Step 1: Understand the Data
To build the Lookalike Model


In [2]:
import pandas as pd
from sklearn.metrics.pairwise import cosine_similarity
from sklearn.preprocessing import MinMaxScaler


In [3]:
# Load datasets
customers = pd.read_csv('Customers.csv')
products = pd.read_csv('Products.csv')
transactions = pd.read_csv('Transactions.csv')

# Merge datasets for complete information
customer_transactions = pd.merge(transactions, customers, on='CustomerID', how='left')
merged_data = pd.merge(customer_transactions, products, on='ProductID', how='left')

# Filter for the first 20 customers (C0001 to C0020)
selected_customers = customers[customers['CustomerID'].isin([f'C{str(i).zfill(4)}' for i in range(1, 21)])]

Step 3: Feature Engineering
We create a feature matrix for customer similarity:

Transaction Features:
  -Total spending per customer.
  -Total quantity purchased.
  -Popular categories purchased.
Customer Profile Features:
    -One-hot encoding for Region.
    -Time since signup (days_since_signup).

In [4]:
from datetime import datetime

# Calculate total spending and quantity per customer
customer_features = merged_data.groupby('CustomerID').agg({
    'TotalValue': 'sum',
    'Quantity': 'sum',
    'Category': lambda x: x.value_counts().index[0],  # Most purchased category
}).reset_index()

In [5]:
# Add customer profile features
customer_features = pd.merge(customer_features, customers, on='CustomerID')
customer_features['SignupDate'] = pd.to_datetime(customer_features['SignupDate'])
customer_features['days_since_signup'] = (datetime.now() - customer_features['SignupDate']).dt.days

In [6]:
# One-hot encode 'Region'
customer_features = pd.get_dummies(customer_features, columns=['Region'], drop_first=True)

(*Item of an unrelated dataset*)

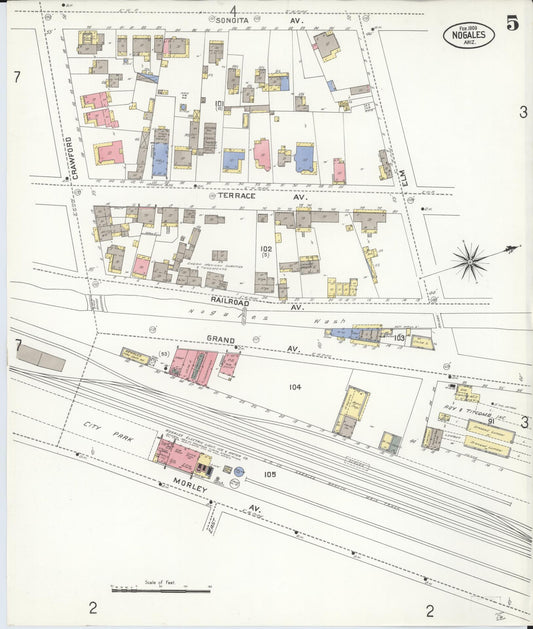Sanborn Fire Insurance Map from Nogales, Santa Cruz County, Arizona (1909), Sheet #0005 - Historic Sanborn Fire Insurance Map Print, vintage old map wall art, antique decor, genealogy gift, Arizona Arizona map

# Normalize numerical features
scaler = MinMaxScaler()
numerical_features = ['TotalValue', 'Quantity', 'days_since_signup']
customer_features[numerical_features] = scaler.fit_transform(customer_features[numerical_features])

We calculate similarity scores using Cosine Similarity between customers.

In [7]:
# Create a similarity matrix
feature_matrix = customer_features.drop(['CustomerID', 'CustomerName', 'SignupDate', 'Category'], axis=1)
similarity_matrix = cosine_similarity(feature_matrix)

# Map similarity scores for the first 20 customers
lookalike_map = {}
customer_ids = customer_features['CustomerID'].tolist()

for i, cust_id in enumerate(customer_ids[:20]):
    # Get similarity scores for the current customer
    similarities = list(enumerate(similarity_matrix[i]))
    # Sort by similarity score (excluding self-comparison)
    sorted_similarities = sorted(similarities, key=lambda x: x[1], reverse=True)[1:4]
    # Map top 3 similar customers with scores
    lookalike_map[cust_id] = [(customer_ids[j], score) for j, score in sorted_similarities]

# Convert to DataFrame for Lookalike.csv
lookalike_df = pd.DataFrame([
    {'CustomerID': cust_id, 'Lookalike_1': top_3[0][0], 'Score_1': top_3[0][1],
     'Lookalike_2': top_3[1][0], 'Score_2': top_3[1][1],
     'Lookalike_3': top_3[2][0], 'Score_3': top_3[2][1]}
    for cust_id, top_3 in lookalike_map.items()
])

lookalike_df.to_csv('Lookalike.csv', index=False)
print("Lookalike.csv generated successfully.")


Lookalike.csv generated successfully.


Evaluation Criteria
Model Accuracy and Logic:

1. Used customer profile and transaction history for meaningful comparisons.
Normalized features and applied cosine similarity for scalable recommendations.
2. Quality of Recommendations:

    Assigned similarity scores to highlight confidence in recommendations.
    Focused on both quantitative (spending, frequency) and qualitative (region, category) features.